Community Blog Basic Machine Learning: How to Recognize a Cat

Basic Machine Learning: How to Recognize a Cat

This article explains the main steps for training a machine and obtaining a model, provides some simple practices, and shares a basic principle of machine learning.

By Xixia

1) What Is Machine Learning and Why Do We Need It?

What is machine learning? First, let's look at two examples.

How Do We Learn to Recognize an Animal as a "Cat"?

Imagine people who have never seen a cat, such as little babies. They do not even have the word "cat" in their vocabulary.

One day they see a furry animal like this:


They do not know what it is, and you tell them that it is a "cat". At this time, they may remember that it is a cat.

After some time, they see another animal like this:


You tell them that it is also a cat. They remember that it is also a cat.

Later on, they see another animal:


At this time, they tell you directly that they see a "cat".

The preceding method is the basic method that we use to understand the world, which is pattern recognition: We concluded that it is a cat based on extensive experiences.

In this process, we learned about the characteristics of cats by contacting samples, which are various cats. We learn through reading and observe how they mew, and what they look like with two ears, four legs, a tail, and whiskers, to draw the conclusion. Then, we know what a cat is.

How Do We Identify the npm Package as a Test npm Package?

The following is a piece of code written by one of my colleagues:

  pt = TO_CHAR(DATEADD(GETDATE(), - 1, 'dd'), 'yyyymmdd')
  AND name NOT LIKE '%test%'
  AND name NOT LIKE '%demo%'
  AND name NOT LIKE '%测试%'
  AND keywords NOT LIKE '%test%'
  AND keywords NOT LIKE '%测试%'
  AND keywords NOT LIKE '%demo%'

Obviously, our criterion is whether the module's name and keywords contain characters: test or demo. If it is true, we consider it as a test module. We tell the database our rules, and the database helps us filter out non-test modules.

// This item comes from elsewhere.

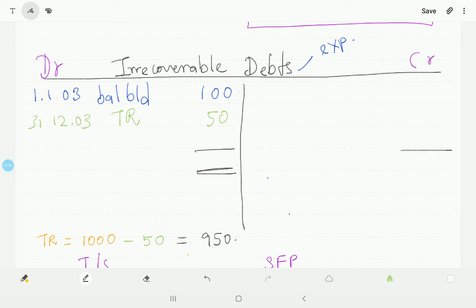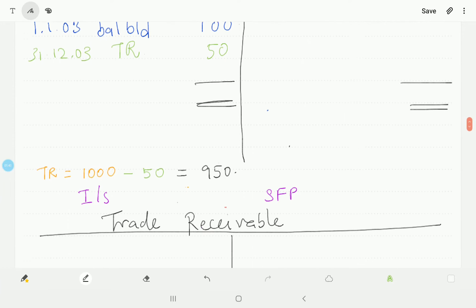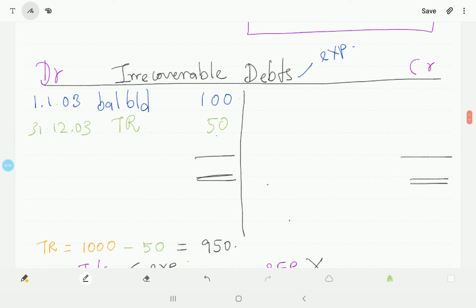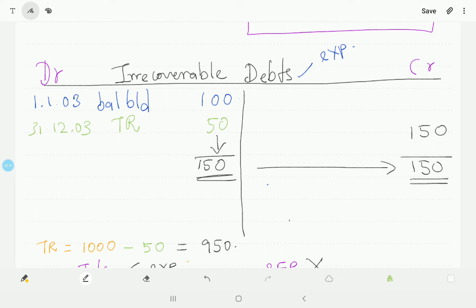Now let's balance the ledger. Before balancing the ledger, you should know whether it will be transferred to income statement or to SFP or to both. In this case, irrecoverable debt will not appear in the statement of financial position. However, it does appear in the income statement under the category of expense. So in this case, 100 plus 50 — the debit side is greater, giving 150. On 31st December 2003, you transfer it to income statement. Since the difference is on the credit side, it goes under the category of expense.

The identification of a cat is essentially the same as the identification of a test module. Both imply looking for characteristics:

  • Characteristics of a cat: mewing, two ears, four legs, a tail, and whiskers
  • Characteristics of a test module: test or demo

The characteristics can be further programmed as follows:

  • Characteristics of a cat: mewing: true, ears:2, legs:4, tail:1, and whiskers:10
  • Characteristics of a test module: test:count>0 or demo: count>0

With these characteristics, both people and machines can recognize a cat or a test module.

To put it simply, machine learning uses characteristics and their weights to implement data classification. This simplified statement is for your ease of understanding. For more information, see AiLearning/1. Basic Machine Learning.md at master apachecn/AiLearning at GitHub.

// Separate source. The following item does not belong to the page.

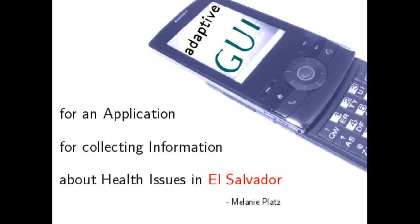Welcome to my presentation with the topic Adaptive Graphical User Interface, abbreviated GUI, for an application for collecting information about health issues in El Salvador.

Why Do We Need Machine Learning?

The reason is that when a classification task involves large amounts of characteristics, it is difficult to use "if-else" to perform simple classification. Take our common product recommendation algorithm as an example. To identify whether a certain product should be recommended to someone, the algorithm may involve hundreds of characteristics.

2) How Can We Train a Machine and Obtain a Model?

Prepare Data

Data preparation may account for more than 75% of the time consumed by the entire machine learning task. Therefore, it is the most important and most difficult part. The main steps are as follows:

1) Collect basic data.
2) Remove outliers.
3) Select possible characteristics: characteristic engineering.
4) Tag the data.

Prepare an Algorithm

Fit your data with a function: y = f(x)

For example, use a linear function: y = ax + b

Evaluate the Algorithm

Use an evaluation function to find out whether you have found the proper 'a' and 'b' values.

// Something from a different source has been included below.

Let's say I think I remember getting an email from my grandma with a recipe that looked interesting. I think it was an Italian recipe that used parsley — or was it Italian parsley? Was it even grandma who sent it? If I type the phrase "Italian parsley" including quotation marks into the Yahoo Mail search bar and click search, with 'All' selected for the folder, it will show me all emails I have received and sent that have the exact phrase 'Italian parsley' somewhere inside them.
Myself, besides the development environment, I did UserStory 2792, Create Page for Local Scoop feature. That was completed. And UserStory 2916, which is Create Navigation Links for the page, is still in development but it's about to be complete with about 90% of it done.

An evaluation function describes the difference between the parameters that are obtained through training and the actual values. The difference is also called loss value. The following figure shows an example:


The blue line on the right is closer to the actual data points.

The most common loss evaluation function is the mean squared error. This function measures the average squared difference between the estimated values and the actual value to judge the quality of estimated values.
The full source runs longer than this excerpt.